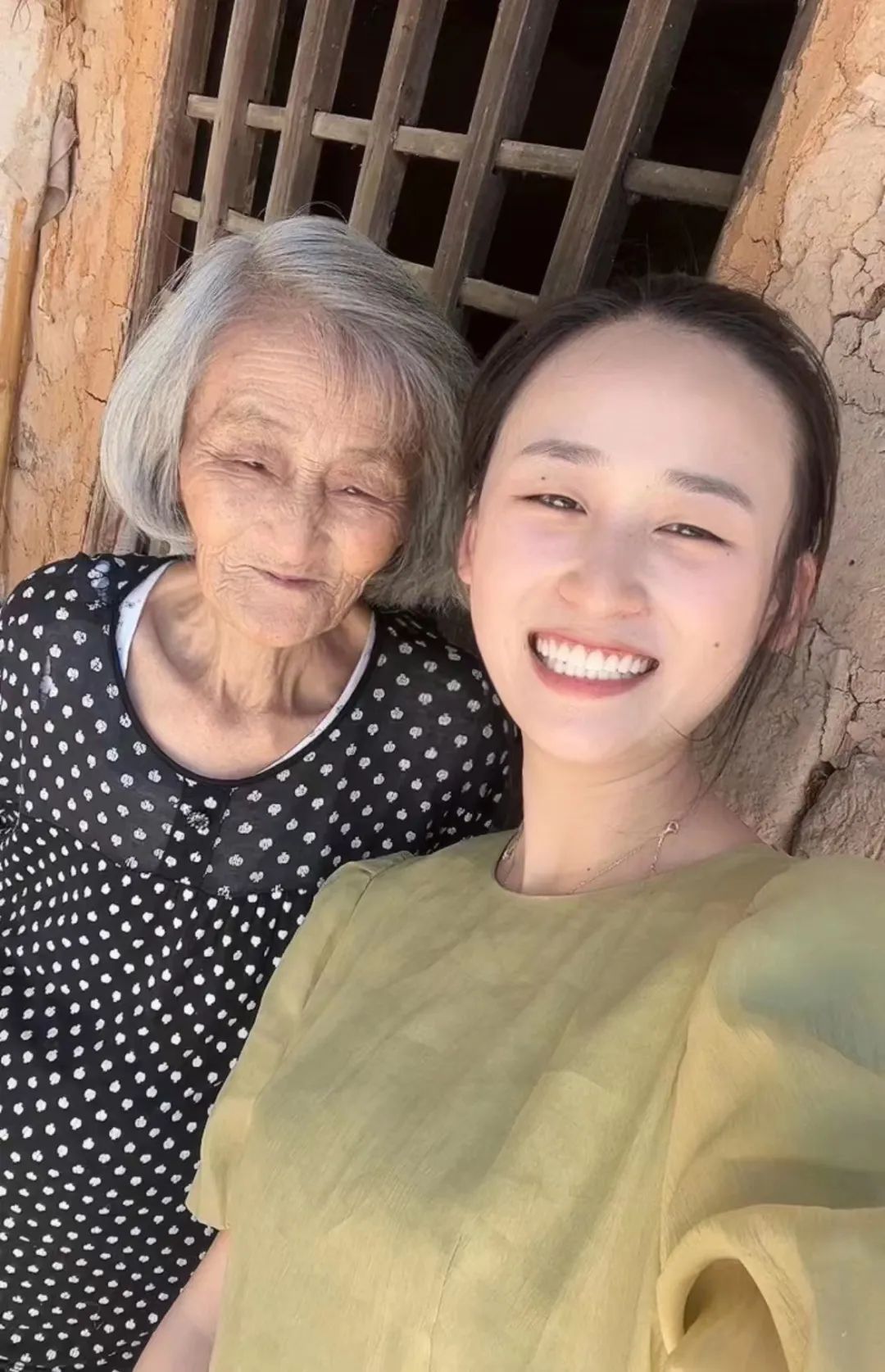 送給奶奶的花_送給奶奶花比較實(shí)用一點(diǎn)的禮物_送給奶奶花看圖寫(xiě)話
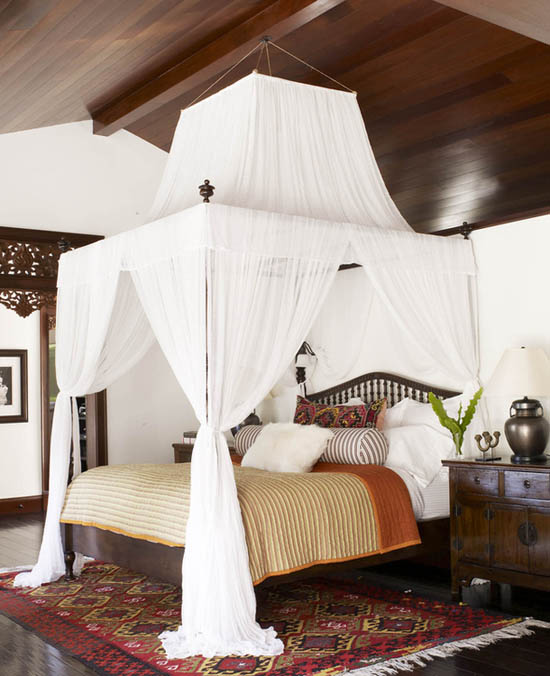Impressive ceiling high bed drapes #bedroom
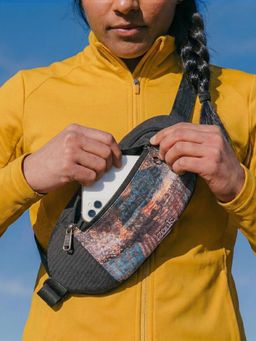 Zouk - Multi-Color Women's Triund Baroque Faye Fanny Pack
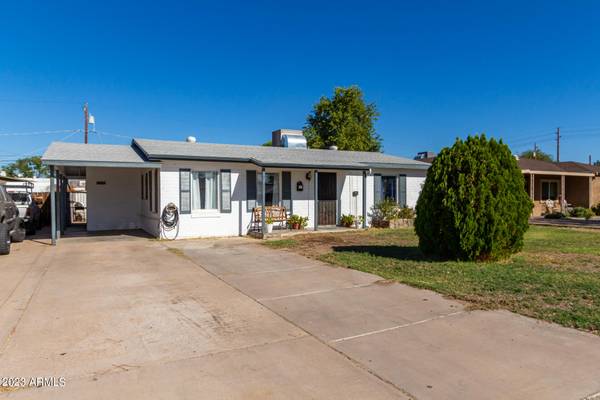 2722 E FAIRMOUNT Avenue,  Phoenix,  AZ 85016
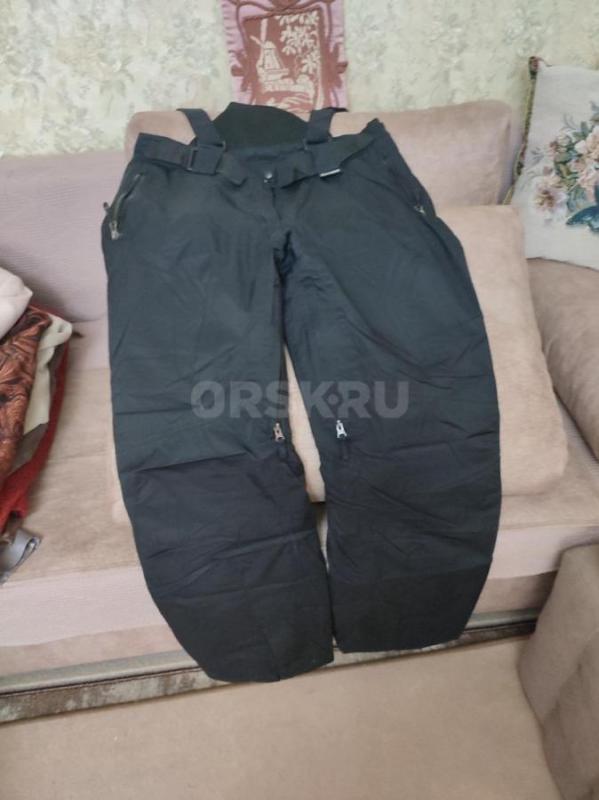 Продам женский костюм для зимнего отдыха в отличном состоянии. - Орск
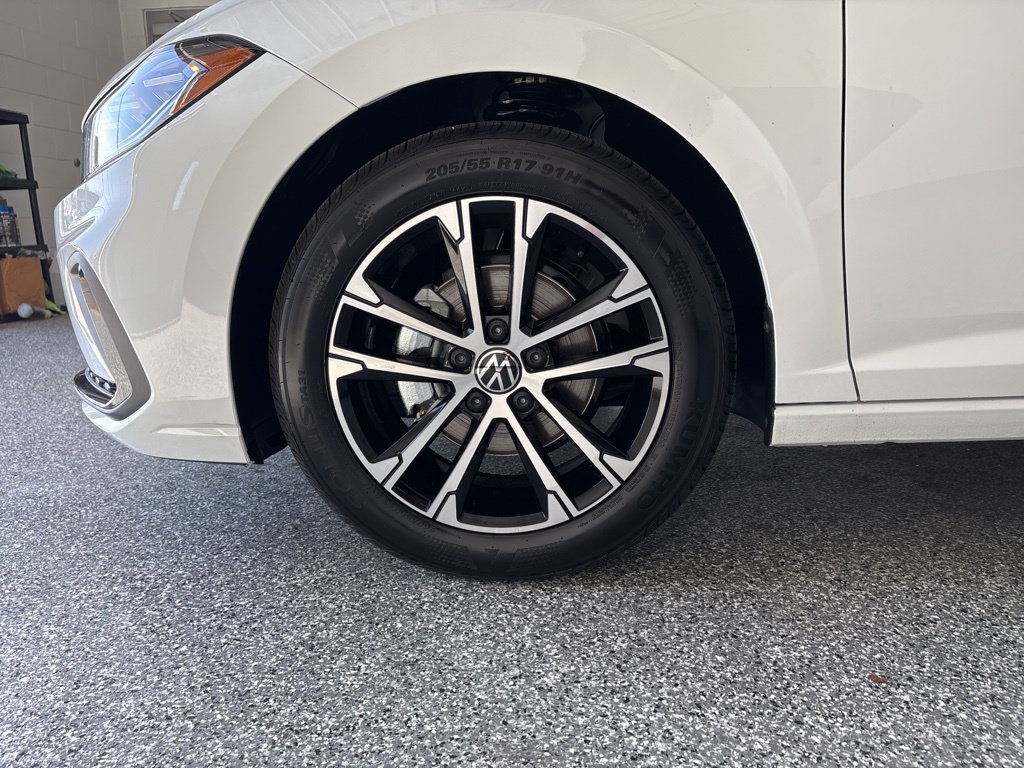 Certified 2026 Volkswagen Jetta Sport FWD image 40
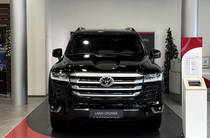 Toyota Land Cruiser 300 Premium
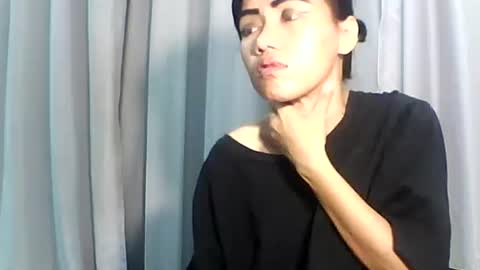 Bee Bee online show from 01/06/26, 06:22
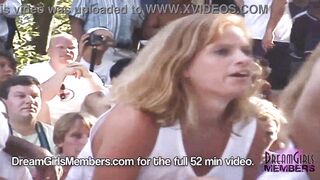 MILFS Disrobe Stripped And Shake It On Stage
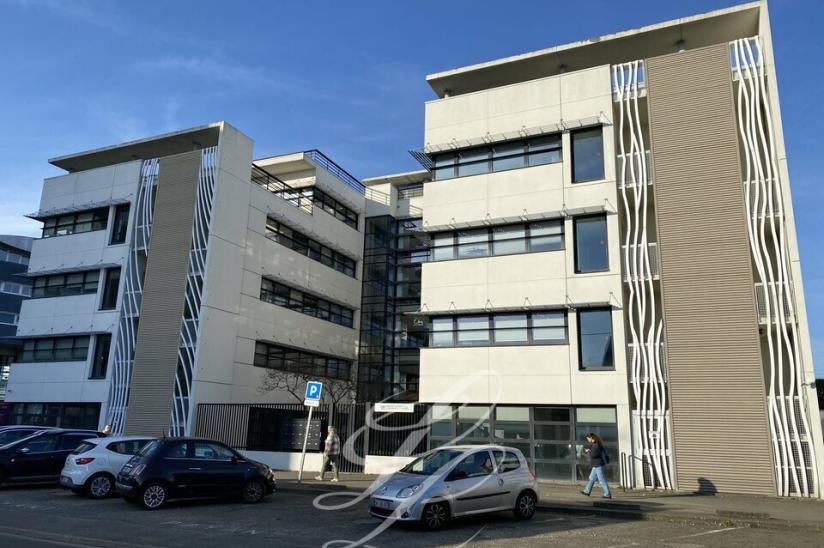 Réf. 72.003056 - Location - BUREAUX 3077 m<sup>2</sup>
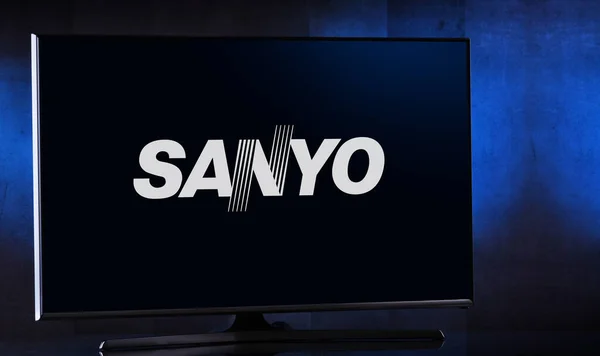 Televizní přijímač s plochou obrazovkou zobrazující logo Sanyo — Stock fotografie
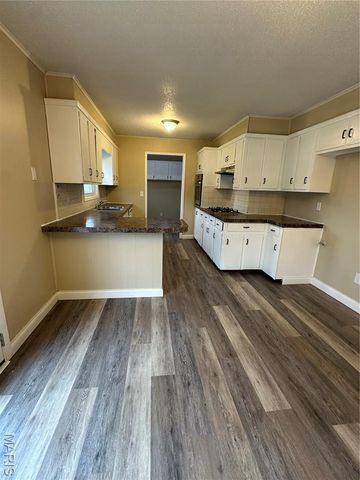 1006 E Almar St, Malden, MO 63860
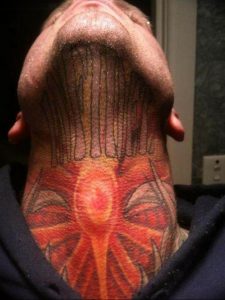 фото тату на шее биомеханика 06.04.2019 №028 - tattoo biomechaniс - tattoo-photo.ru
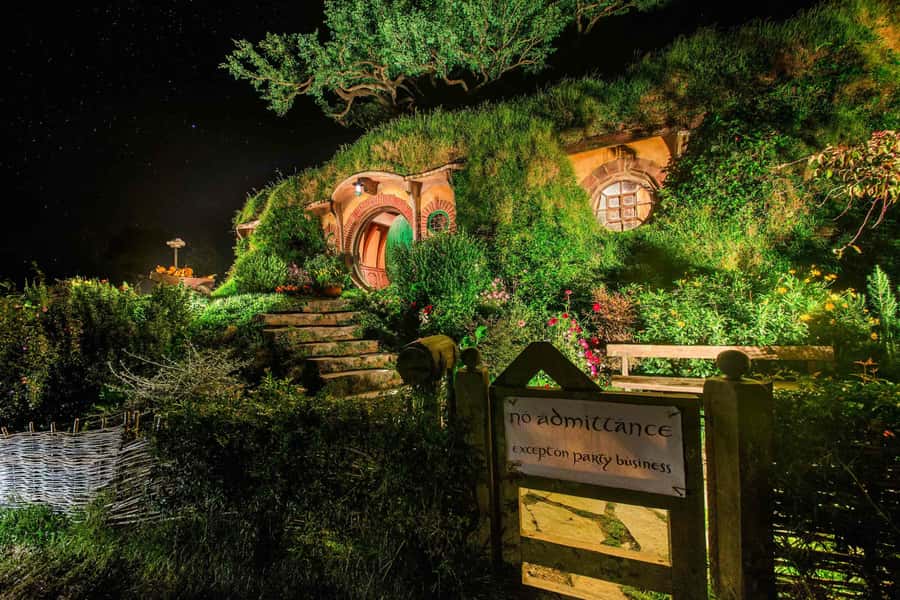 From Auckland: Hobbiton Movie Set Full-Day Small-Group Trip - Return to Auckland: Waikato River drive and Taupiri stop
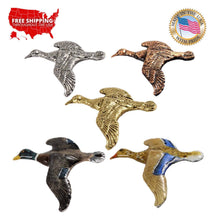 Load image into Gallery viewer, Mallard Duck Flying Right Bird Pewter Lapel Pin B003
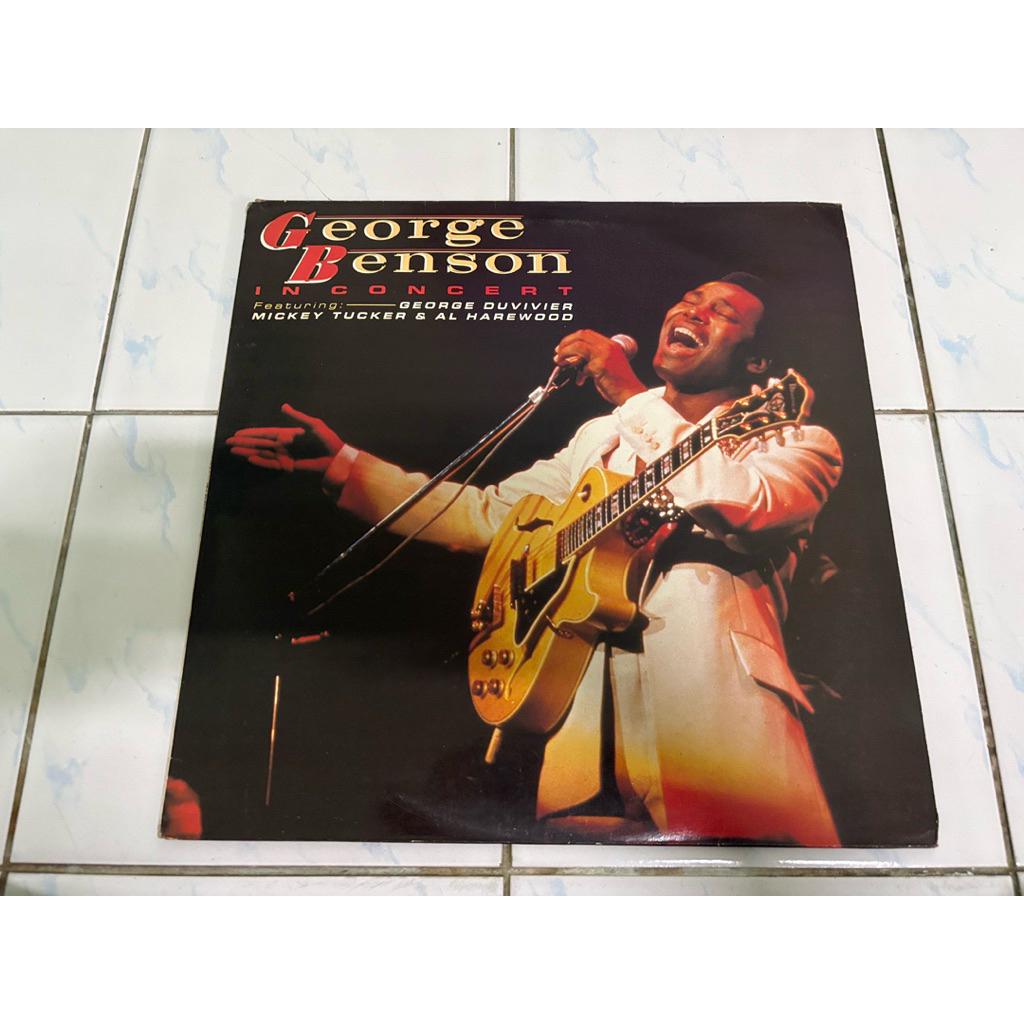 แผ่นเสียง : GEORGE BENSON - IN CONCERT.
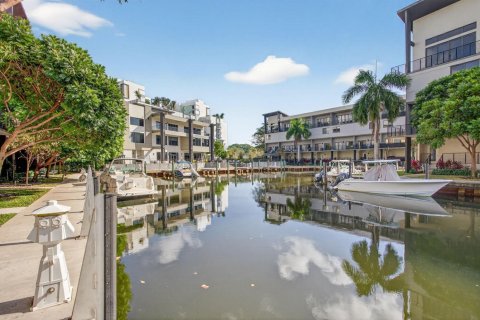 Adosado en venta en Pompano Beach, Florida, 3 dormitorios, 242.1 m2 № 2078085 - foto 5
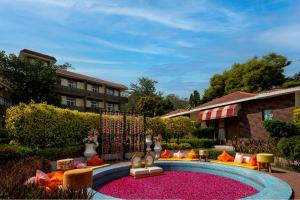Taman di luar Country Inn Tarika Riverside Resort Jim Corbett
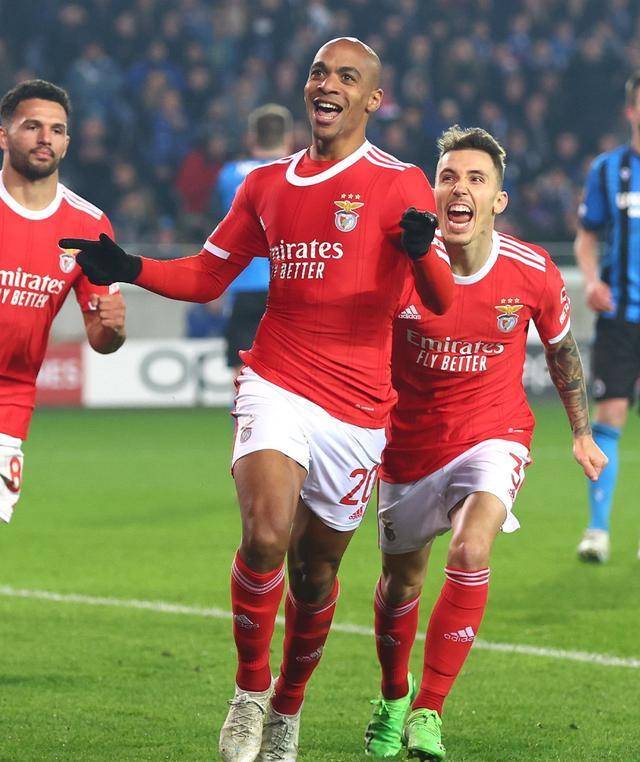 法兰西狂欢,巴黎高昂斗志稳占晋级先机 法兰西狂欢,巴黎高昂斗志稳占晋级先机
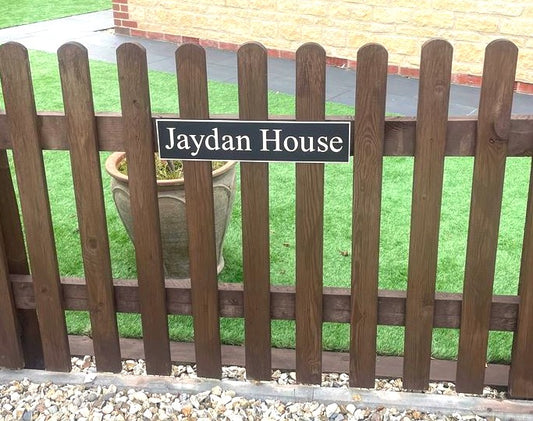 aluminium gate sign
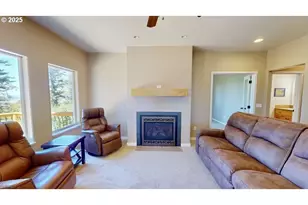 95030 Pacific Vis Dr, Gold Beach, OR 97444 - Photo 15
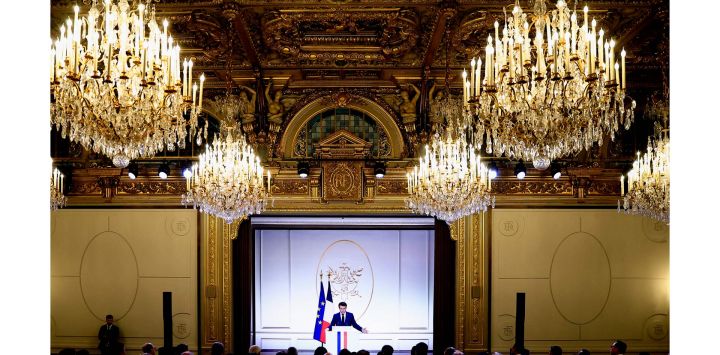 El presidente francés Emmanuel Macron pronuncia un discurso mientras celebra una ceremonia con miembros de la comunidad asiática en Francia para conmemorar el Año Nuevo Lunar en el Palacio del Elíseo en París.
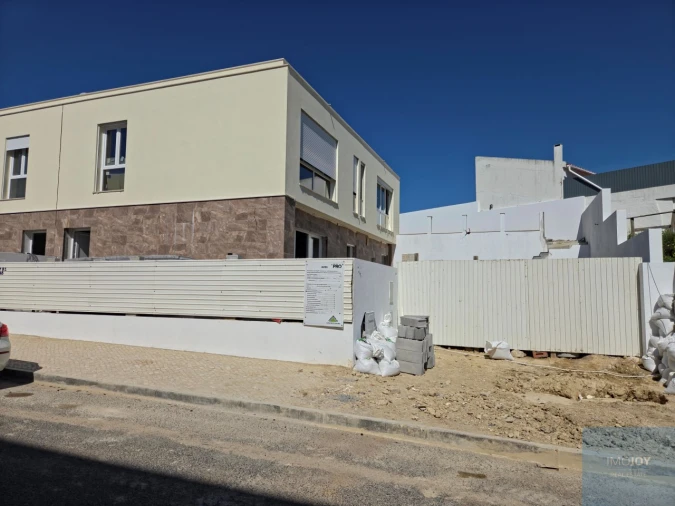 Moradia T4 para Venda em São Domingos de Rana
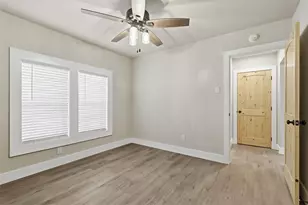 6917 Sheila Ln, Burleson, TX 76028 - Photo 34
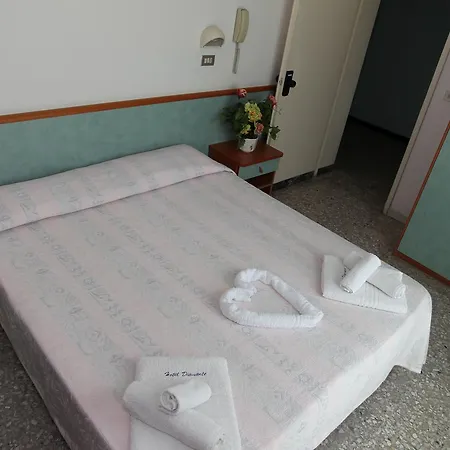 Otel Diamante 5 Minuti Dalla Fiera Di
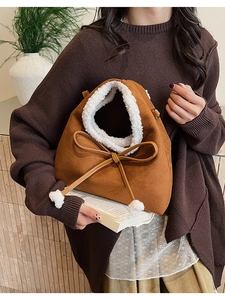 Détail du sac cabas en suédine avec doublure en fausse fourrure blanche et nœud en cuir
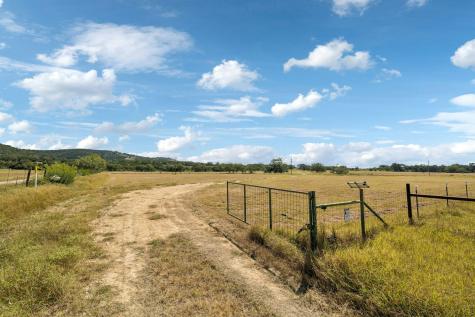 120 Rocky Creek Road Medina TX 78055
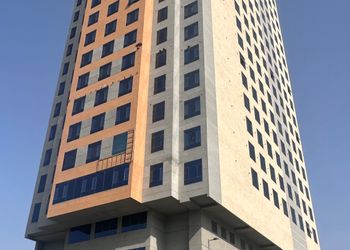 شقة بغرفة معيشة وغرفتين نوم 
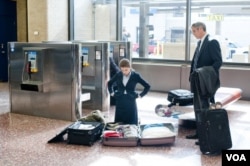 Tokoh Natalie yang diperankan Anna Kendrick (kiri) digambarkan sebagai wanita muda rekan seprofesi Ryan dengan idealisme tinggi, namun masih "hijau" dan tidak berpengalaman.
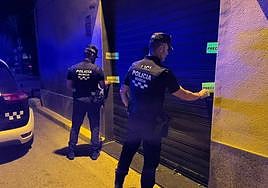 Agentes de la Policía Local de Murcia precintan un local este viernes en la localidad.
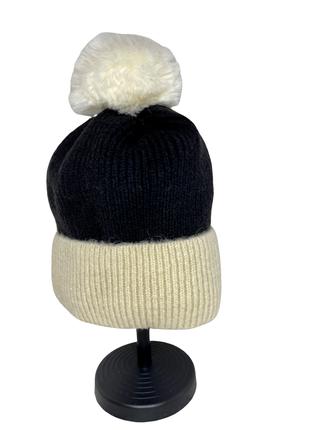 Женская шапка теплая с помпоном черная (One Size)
------------------------------------------------------------------------
*YOUR GOAL:* Print the lines from the line with "Agentes de la" to the end of the data above. Include both ends, exclude the pictures, and add nothing else.

*OUTPUT OF THE EXERCISE:*
 Agentes de la Policía Local de Murcia precintan un local este viernes en la localidad.
 Женская шапка теплая с помпоном черная (One Size)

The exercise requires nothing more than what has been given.